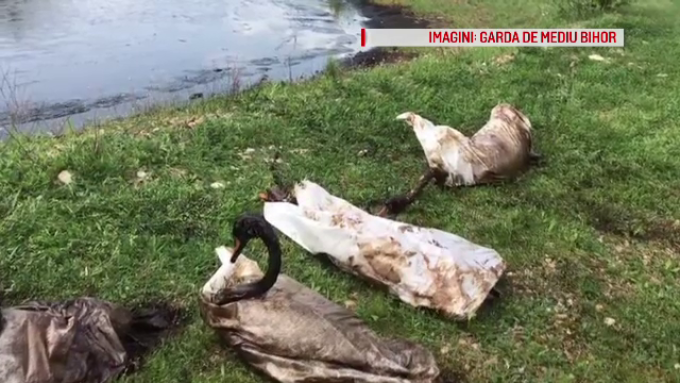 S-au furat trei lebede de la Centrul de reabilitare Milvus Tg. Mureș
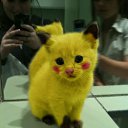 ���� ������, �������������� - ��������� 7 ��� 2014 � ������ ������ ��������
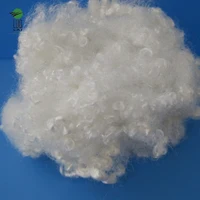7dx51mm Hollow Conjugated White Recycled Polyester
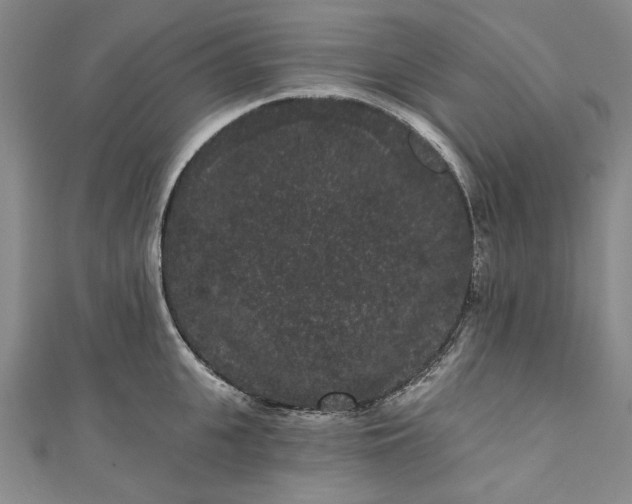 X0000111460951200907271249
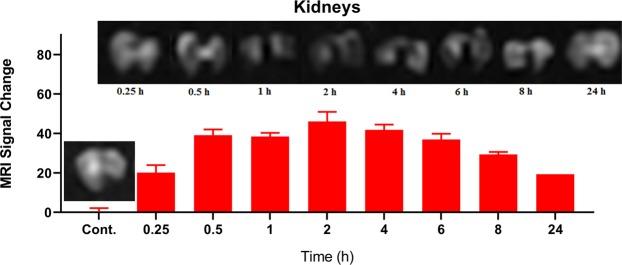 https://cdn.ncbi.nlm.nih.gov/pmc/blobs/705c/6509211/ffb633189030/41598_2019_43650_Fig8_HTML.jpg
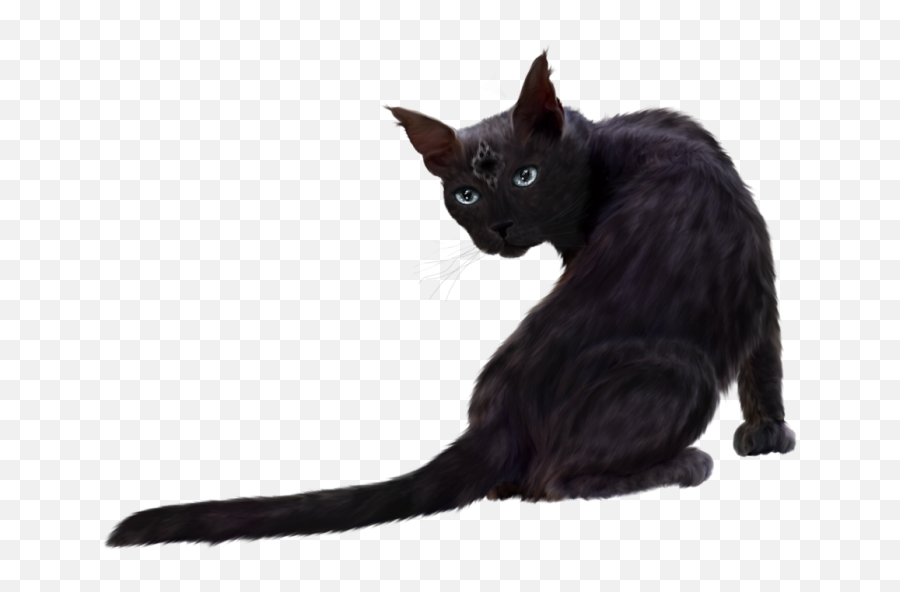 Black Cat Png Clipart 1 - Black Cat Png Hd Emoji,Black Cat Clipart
...
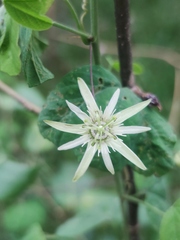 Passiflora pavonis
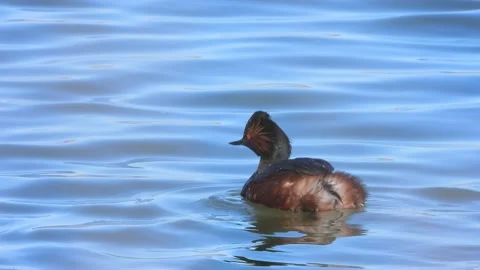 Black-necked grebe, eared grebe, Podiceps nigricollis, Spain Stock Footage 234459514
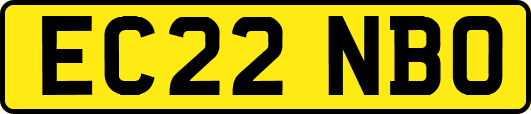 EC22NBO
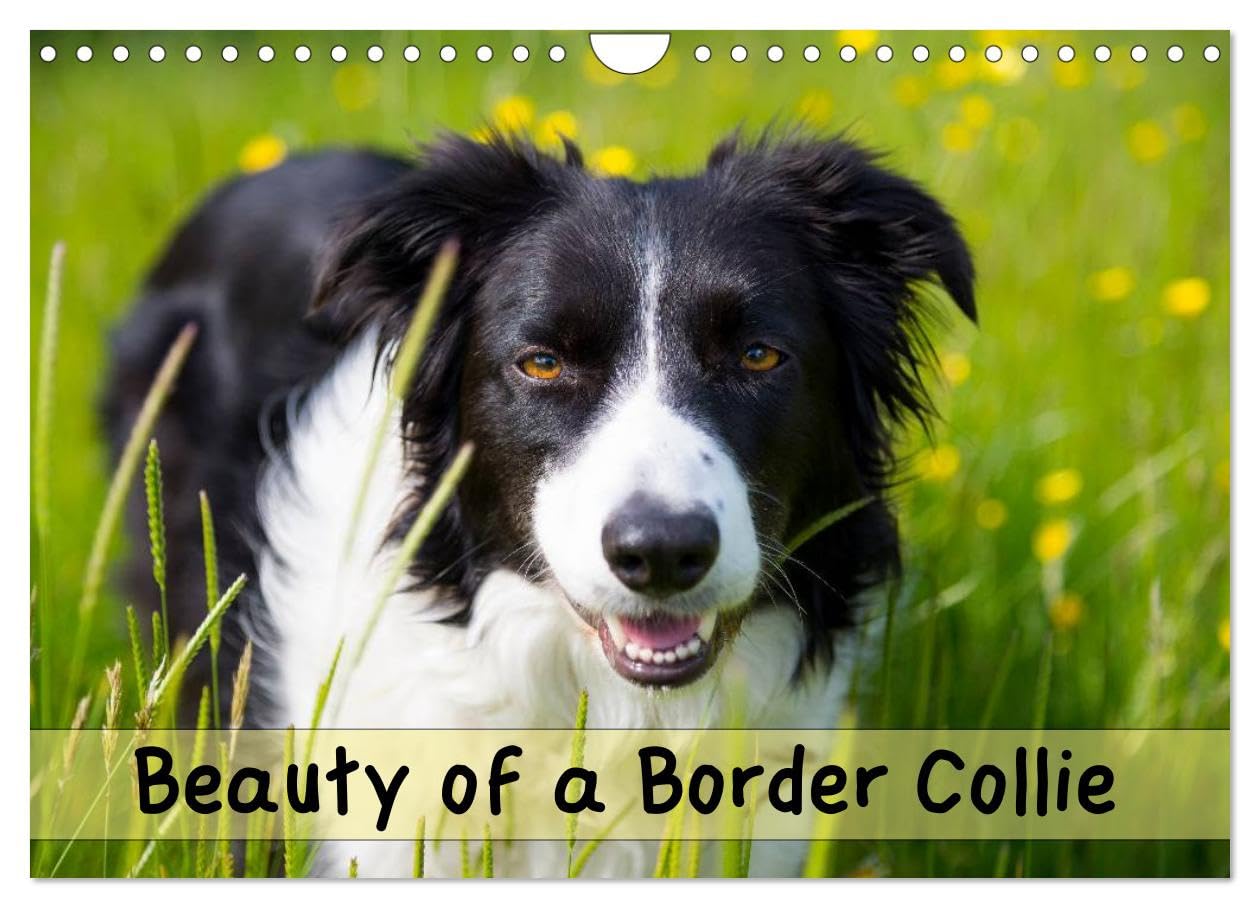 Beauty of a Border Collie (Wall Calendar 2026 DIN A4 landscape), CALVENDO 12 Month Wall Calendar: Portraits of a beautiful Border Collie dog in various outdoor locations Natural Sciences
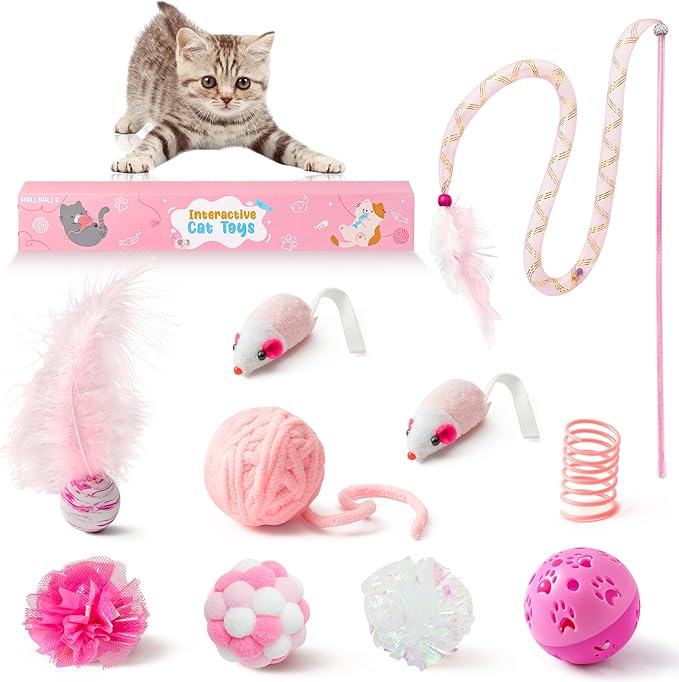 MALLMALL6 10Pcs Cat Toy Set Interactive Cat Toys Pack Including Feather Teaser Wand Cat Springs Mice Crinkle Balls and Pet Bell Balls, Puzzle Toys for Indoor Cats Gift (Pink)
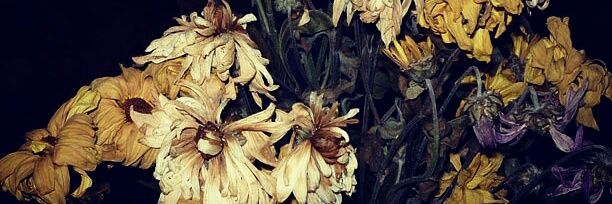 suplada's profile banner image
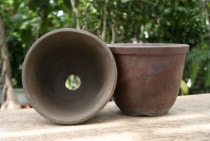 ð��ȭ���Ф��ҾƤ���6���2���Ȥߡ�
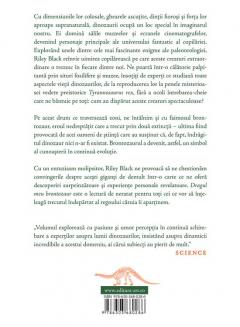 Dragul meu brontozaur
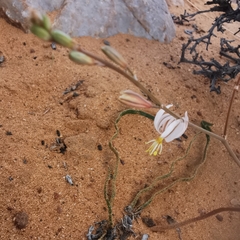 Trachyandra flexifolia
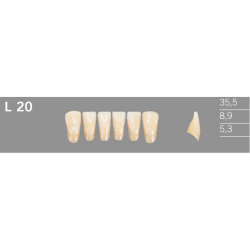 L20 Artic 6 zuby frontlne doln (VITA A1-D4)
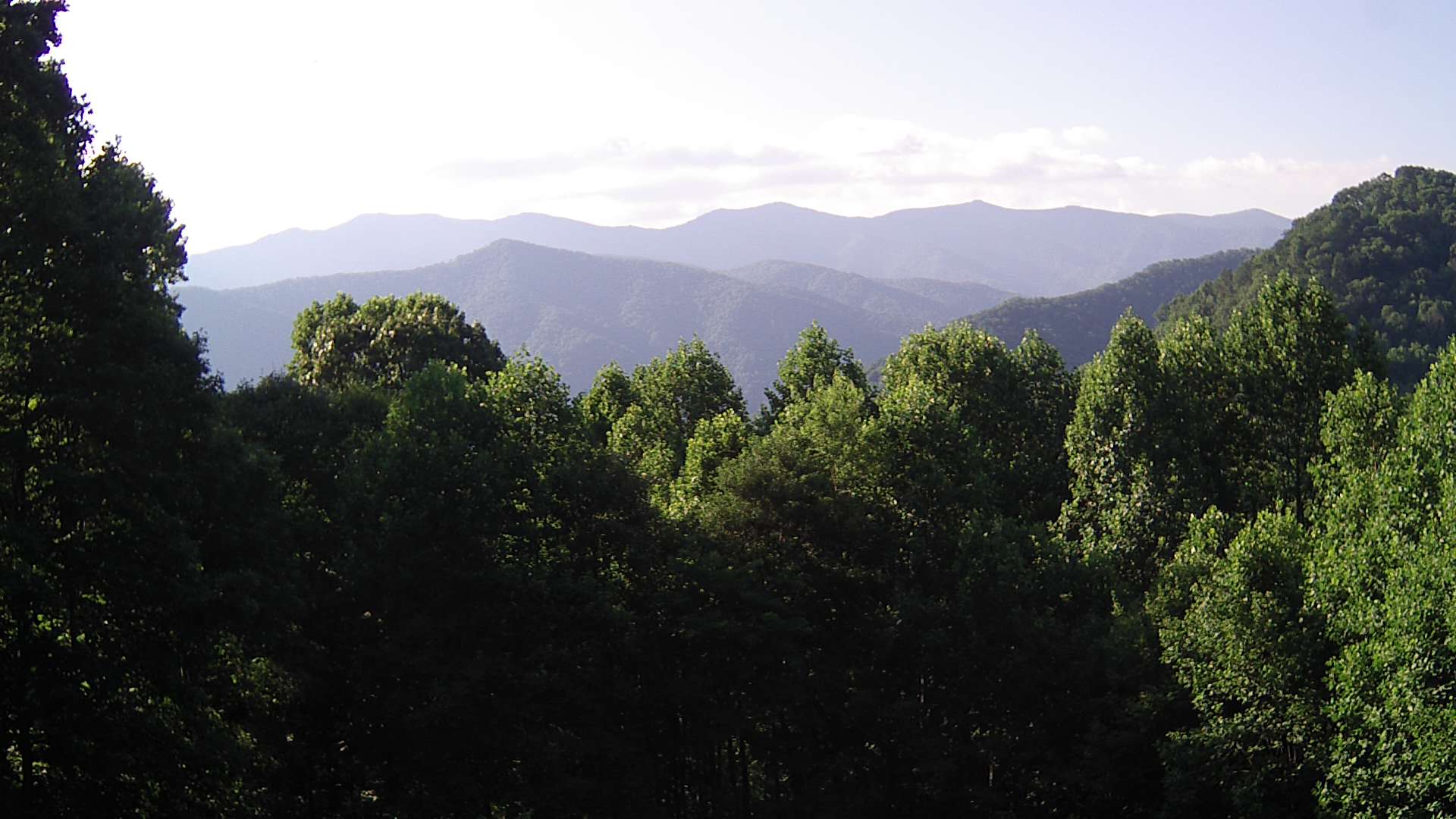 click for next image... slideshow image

Goal of the exercise ::
Exactly the lines above, from the one containing "ð��ȭ���Ф��ҾƤ���6���2���Ȥߡ�" down to the one containing "click for next image... slideshow image", are to be repeated, including both ends. Pictures are not part of the copy.

Written response ::
 ð��ȭ���Ф��ҾƤ���6���2���Ȥߡ�
 Dragul meu brontozaur
 Trachyandra flexifolia
 L20 Artic 6 zuby frontlne doln (VITA A1-D4)
 click for next image... slideshow image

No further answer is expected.